2nd Quarter 2002Back to News


Landmark Communications, Inc. made its first daily newspaper acquisition in nearly a quarter century, one of three transactions involving dailies in a relatively quiet second quarter.

Norfolk, Virginia-based Landmark, through its Landmark Community Newspapers, Inc., division, bought the 4,100-circulation Las Vegas (NM) Optic, located 64 miles east of the state capital in Santa Fe. The Optic will complement the Los Alamos (NM) Monitor, whose acquisition in 1978 represented the company’s last daily transaction.

Landmark hopes to capitalize on the ability of the two dailies to draw additional advertising dollars from the growing Northern New Mexico retail trade center in Santa Fe. Los Alamos is located about 30 miles northwest of the capital city.

The Optic becomes the eighth daily newspaper owned by Landmark. In addition to the two New Mexico dailies, Shelbyville, Kentucky-based Landmark Community Newspapers publishes dailies in Elizabethtown, Kentucky; Carroll County, Maryland; and Citrus County, Florida. The division also publishes more than 100 weekly newspapers, shoppers, and other publications around the country.

The parent Landmark Communica-tions publishes three large daily newspapers in Norfolk and Roanoke, Virginia, and in Greensboro, North Carolina.

Landmark acquired the Optic from the Beck family, which had owned the newspaper for more than 20 years. The Becks will continue to own the Roswell (NM) Daily Record in the southeastern part of the state.

Lee Adds More

Two other deals involving daily newspapers were announced in the second quarter — Lee Enterprises’ agreement to buy the remaining 50 percent of the Sioux City (IA) Journal and Eagle-Tribune Publishing Co.’s acquisition of three dailies north of Boston.

In total, the second quarter activity represented more than $130 million in deal volume, bringing the number of daily ownership changes so far in 2002 to 30.
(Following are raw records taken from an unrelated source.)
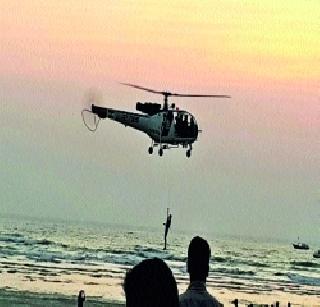 No action after month | महिन्यानंतरही कारवाई नाही No action after month | महिन्यानंतरही कारवाई नाही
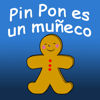 Pin Pon Es Un Muñeco - Canciones Infantiles & Canciones Para Niños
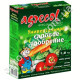 Удобрение универсальное садовое 15.15.17 1.2 кг Agrecol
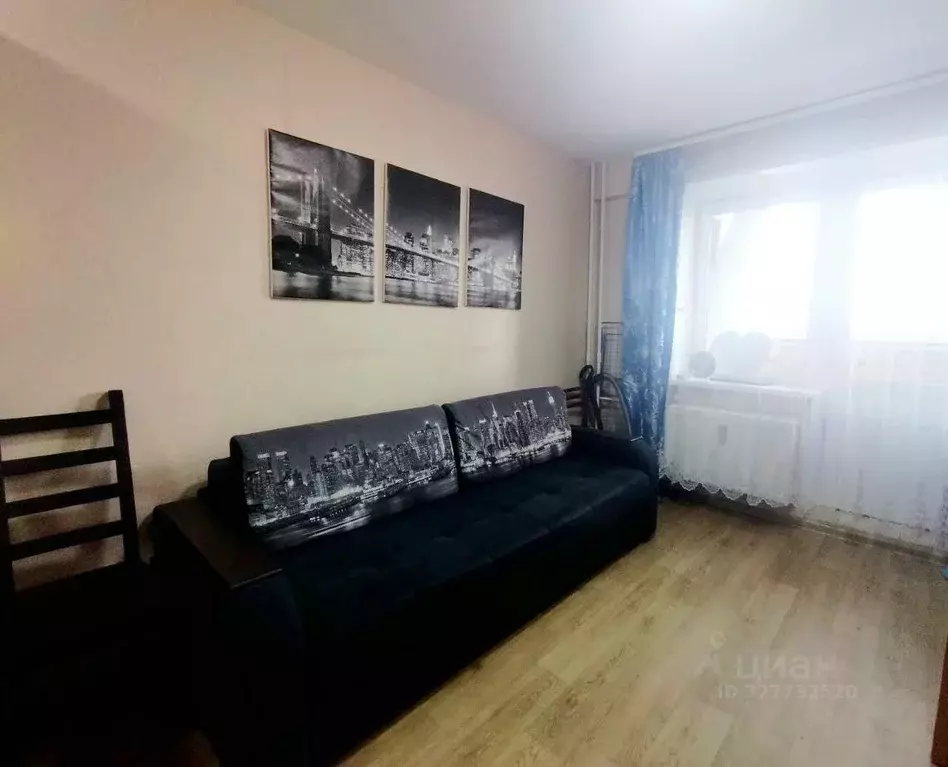 Студия Удмуртия, Ижевск ул. Городок Машиностроителей, 100Б (25.0 м) - Фото 2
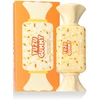 Gulf Orchid Yuzu Gummy EDP parfumuotas vanduo unisex, 100 ml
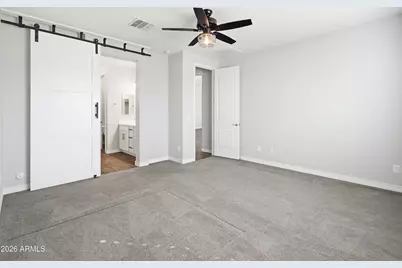 18365 W Ida Lane, Surprise, AZ 85387 - Photo 22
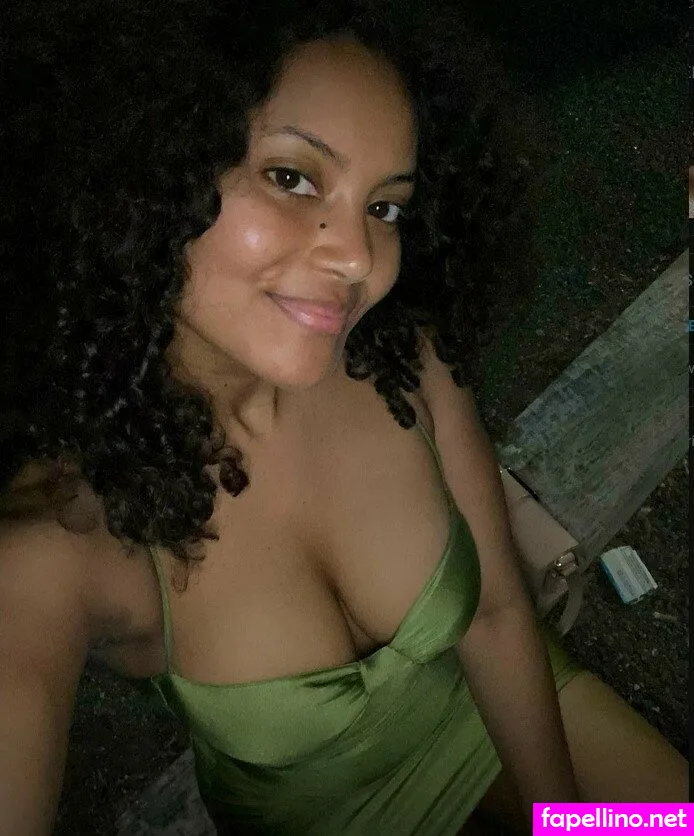 blackkswan, thayanne silva Nude Leaked OnlyFans Photo #Abe5b3hZTX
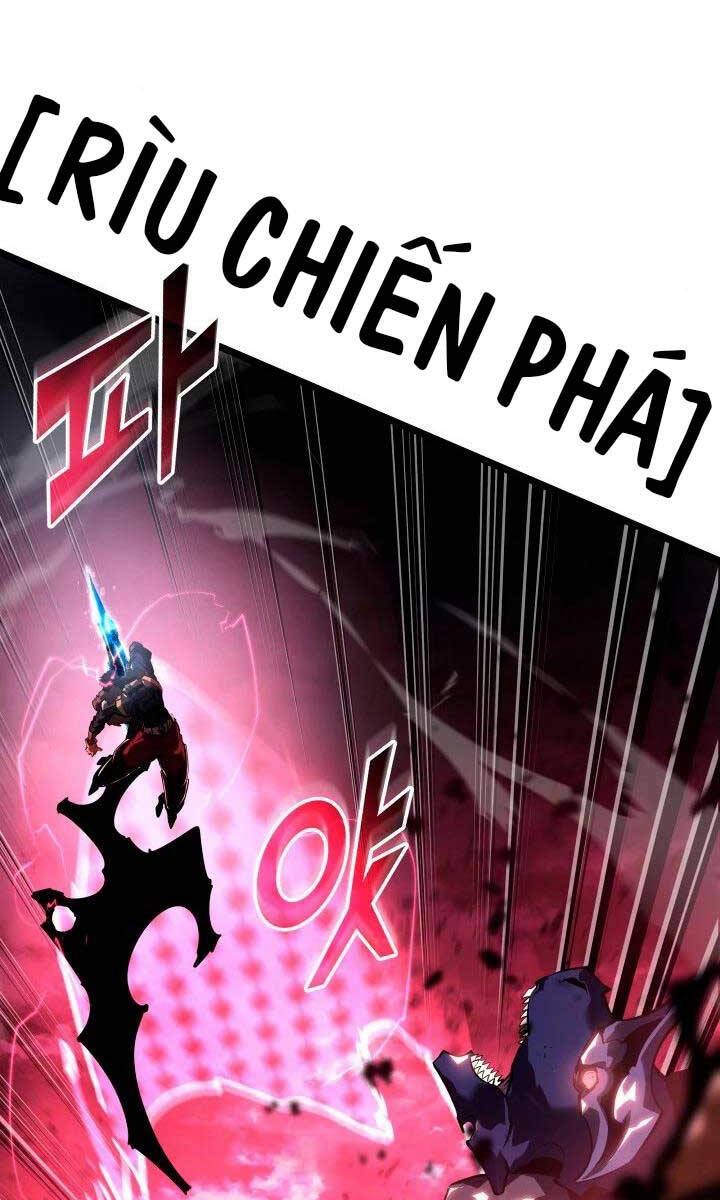 Sự Trở Lại Của Người Chơi Cấp Sss Chapter 70 - Trang 4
Lee, which had acquired a 50 percent interest in the 42,800-circulation Sioux City daily in the first quarter of 2002 through its purchase of Howard Publications, reached an agreement with Hagadone Corp. to buy the rest for $59.3 million in cash and a group of weekly newspapers near Hagadone’s daily in Kalispell, Montana. The purchase price represents 11.5 times anticipated annual incremental EBITDA for 2002.

Weekly Front

A handful of deals also were announced involving weekly newspapers. Media Services Group of Greeneville, Tennessee, operated by Gregg Jones, acquired the weekly Mountain Times in Boone, North Carolina.

Tribune Co. sold four weekly newspapers in eastern Virginia to the family of a former Landmark executive, Bill Diederich. The weeklies, acquired in 2001 as part of a larger deal with Chesapeake Publishing, are located in the Northern Neck area east of Fredericksburg.